→ **Action item**: Please reproduce the data in full, exactly as it stands.
BEGIN Records for the exercise
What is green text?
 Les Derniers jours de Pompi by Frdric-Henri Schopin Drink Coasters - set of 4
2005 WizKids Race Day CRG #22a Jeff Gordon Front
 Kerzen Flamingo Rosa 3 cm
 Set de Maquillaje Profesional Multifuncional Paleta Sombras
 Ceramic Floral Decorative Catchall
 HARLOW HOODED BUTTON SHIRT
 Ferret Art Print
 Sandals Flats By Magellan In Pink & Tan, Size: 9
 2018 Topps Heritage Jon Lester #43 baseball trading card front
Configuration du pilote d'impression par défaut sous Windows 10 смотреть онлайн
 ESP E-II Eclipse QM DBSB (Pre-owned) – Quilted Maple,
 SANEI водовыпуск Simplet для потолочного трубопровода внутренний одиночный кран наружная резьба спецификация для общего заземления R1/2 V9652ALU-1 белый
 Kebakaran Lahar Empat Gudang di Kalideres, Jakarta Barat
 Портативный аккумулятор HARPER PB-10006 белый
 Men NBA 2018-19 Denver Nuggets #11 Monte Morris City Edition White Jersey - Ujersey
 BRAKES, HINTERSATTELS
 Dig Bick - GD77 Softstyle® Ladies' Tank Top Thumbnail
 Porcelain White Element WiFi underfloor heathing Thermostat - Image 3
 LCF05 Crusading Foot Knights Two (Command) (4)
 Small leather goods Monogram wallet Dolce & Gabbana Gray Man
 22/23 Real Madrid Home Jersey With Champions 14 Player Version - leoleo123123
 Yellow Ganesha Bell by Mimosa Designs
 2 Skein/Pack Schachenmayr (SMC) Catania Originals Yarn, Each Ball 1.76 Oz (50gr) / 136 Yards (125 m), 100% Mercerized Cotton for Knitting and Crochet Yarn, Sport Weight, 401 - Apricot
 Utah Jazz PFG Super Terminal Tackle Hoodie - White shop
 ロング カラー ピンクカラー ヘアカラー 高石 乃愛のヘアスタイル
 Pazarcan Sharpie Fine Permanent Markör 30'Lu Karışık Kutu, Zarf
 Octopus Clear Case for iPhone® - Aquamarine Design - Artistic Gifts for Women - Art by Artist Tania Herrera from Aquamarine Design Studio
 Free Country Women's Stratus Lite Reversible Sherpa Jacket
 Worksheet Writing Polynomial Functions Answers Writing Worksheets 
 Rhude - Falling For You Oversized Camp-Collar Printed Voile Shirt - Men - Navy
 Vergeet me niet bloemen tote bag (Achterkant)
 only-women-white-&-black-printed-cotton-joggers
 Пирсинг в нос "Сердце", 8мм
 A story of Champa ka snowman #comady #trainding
END Records for the exercise
→ **Result of the task**:
What is green text?
 Les Derniers jours de Pompi by Frdric-Henri Schopin Drink Coasters - set of 4
2005 WizKids Race Day CRG #22a Jeff Gordon Front
 Kerzen Flamingo Rosa 3 cm
 Set de Maquillaje Profesional Multifuncional Paleta Sombras
 Ceramic Floral Decorative Catchall
 HARLOW HOODED BUTTON SHIRT
 Ferret Art Print
 Sandals Flats By Magellan In Pink & Tan, Size: 9
 2018 Topps Heritage Jon Lester #43 baseball trading card front
Configuration du pilote d'impression par défaut sous Windows 10 смотреть онлайн
 ESP E-II Eclipse QM DBSB (Pre-owned) – Quilted Maple,
 SANEI водовыпуск Simplet для потолочного трубопровода внутренний одиночный кран наружная резьба спецификация для общего заземления R1/2 V9652ALU-1 белый
 Kebakaran Lahar Empat Gudang di Kalideres, Jakarta Barat
 Портативный аккумулятор HARPER PB-10006 белый
 Men NBA 2018-19 Denver Nuggets #11 Monte Morris City Edition White Jersey - Ujersey
 BRAKES, HINTERSATTELS
 Dig Bick - GD77 Softstyle® Ladies' Tank Top Thumbnail
 Porcelain White Element WiFi underfloor heathing Thermostat - Image 3
 LCF05 Crusading Foot Knights Two (Command) (4)
 Small leather goods Monogram wallet Dolce & Gabbana Gray Man
 22/23 Real Madrid Home Jersey With Champions 14 Player Version - leoleo123123
 Yellow Ganesha Bell by Mimosa Designs
 2 Skein/Pack Schachenmayr (SMC) Catania Originals Yarn, Each Ball 1.76 Oz (50gr) / 136 Yards (125 m), 100% Mercerized Cotton for Knitting and Crochet Yarn, Sport Weight, 401 - Apricot
 Utah Jazz PFG Super Terminal Tackle Hoodie - White shop
 ロング カラー ピンクカラー ヘアカラー 高石 乃愛のヘアスタイル
 Pazarcan Sharpie Fine Permanent Markör 30'Lu Karışık Kutu, Zarf
 Octopus Clear Case for iPhone® - Aquamarine Design - Artistic Gifts for Women - Art by Artist Tania Herrera from Aquamarine Design Studio
 Free Country Women's Stratus Lite Reversible Sherpa Jacket
 Worksheet Writing Polynomial Functions Answers Writing Worksheets 
 Rhude - Falling For You Oversized Camp-Collar Printed Voile Shirt - Men - Navy
 Vergeet me niet bloemen tote bag (Achterkant)
 only-women-white-&-black-printed-cotton-joggers
 Пирсинг в нос "Сердце", 8мм
 A story of Champa ka snowman #comady #trainding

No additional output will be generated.